Scruté avec curiosité, ce déjeuner aura laissé tous les médias sur leur faim. François Hollande et Manuel Valls se sont quitté lundi, en début d'après-midi, après une entrevue de plus de deux heures, sans rien laisser paraître. Visage grave, dossiers sous le bras, le Premier ministre a quitté l'Élysée sans faire un commentaire. Dans la foulée, l'Élysée a assuré que l'ambiance entre les deux têtes de l'exécutif avait été "tout à fait cordiale et studieuse".

Guerre au sommet. Difficile à croire sur parole, tant les dernières quarante-huit heures ont été à couteau tiré entre les deux hommes. En déplacement à Madagascar ce week-end, François Hollande a pu voir son Premier ministre ouvertement remettre en doute la pertinence d'une candidature du président à la primaire de la gauche. Dans une interview au JDD, dimanche, le Premier ministre soulignait en effet le "désarroi", le "doute" et la "déception" chez les électeurs de gauche. Sous-entendant lourdement que François Hollande n'avait pas pris la mesure de ce climat délétère, et qu'il valait mieux pour lui prendre la "responsabilité" de renoncer, Manuel Valls disait aussi se tenir prêt à être candidat lui-même. "Je prendrai ma décision en conscience", affirmait-il.

Une crise inédite. Cette interview a logiquement déclenché une crise au sommet de l'État. "C'est un problème unique dans l'histoire politique", confirme Jean Guarrigues, historien politique, à Europe 1.fr. "Il y a déjà eu des confrontations entre les deux têtes de l'exécutif, mais c'était après des cohabitations." Cette fois, un président et un Premier ministre de la même famille politique semblent en concurrence directe. Selon Le Parisien, François Hollande, qui a décidé de rentrer plus tôt à Paris dimanche soir, aurait même envisagé un remaniement dès le lundi, ce que l'Élysée a démenti dans la foulée. Le chef de l'État a, de toute évidence, tourné casaque. "Bien entendu", l'action de l'exécutif va pouvoir se poursuivre sereinement, a indiqué l'Élysée.
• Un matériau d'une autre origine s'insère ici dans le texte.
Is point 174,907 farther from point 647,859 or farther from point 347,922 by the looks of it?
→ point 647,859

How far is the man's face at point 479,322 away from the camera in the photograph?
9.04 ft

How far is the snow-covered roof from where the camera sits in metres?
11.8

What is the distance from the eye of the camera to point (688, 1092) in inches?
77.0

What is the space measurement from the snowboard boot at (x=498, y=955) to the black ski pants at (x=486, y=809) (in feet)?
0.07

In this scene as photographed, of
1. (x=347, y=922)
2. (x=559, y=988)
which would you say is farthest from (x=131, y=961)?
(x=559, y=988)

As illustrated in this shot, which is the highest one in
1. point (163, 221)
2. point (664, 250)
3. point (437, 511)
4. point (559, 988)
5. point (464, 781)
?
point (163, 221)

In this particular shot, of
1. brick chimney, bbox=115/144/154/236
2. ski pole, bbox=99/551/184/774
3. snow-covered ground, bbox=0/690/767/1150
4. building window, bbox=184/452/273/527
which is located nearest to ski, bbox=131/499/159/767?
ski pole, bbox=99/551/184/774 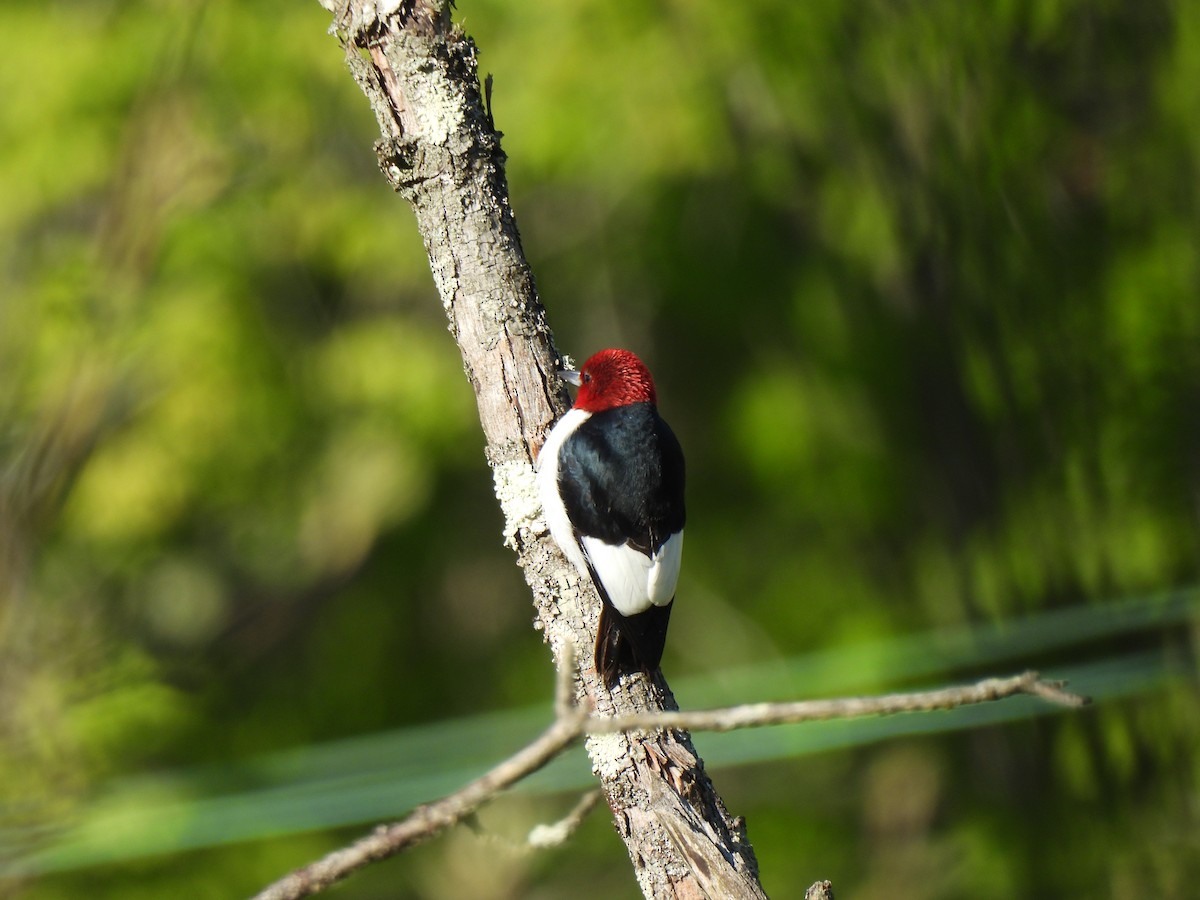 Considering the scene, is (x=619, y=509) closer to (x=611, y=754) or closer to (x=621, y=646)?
(x=621, y=646)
Un immobilisme calculé. François Hollande a donc décidé de ne rien décider. Pas question de pousser son Premier ministre vers la sortie. Cet immobilisme alors que tout semble pourtant le contraindre à faire montre d'autorité n'est pas nouveau. Entre avril et septembre, les sorties de route d'Emmanuel Macron lorsqu'il était ministre de l'Économie se sont succédé, sans que jamais le président ne prenne de sanction contre lui. François Hollande s'est contenté d'attendre que le patron de Bercy présente de lui-même sa démission. Pour ses proches, il s'agit là d'une stratégie étudiée. "Le président se dit qu'en politique, il vaut toujours mieux être le trahi que le traître", explique son entourage au Monde, lundi. "Lui a l'intention de gérer le pays, il n'est pas là pour distribuer des bourre-pifs."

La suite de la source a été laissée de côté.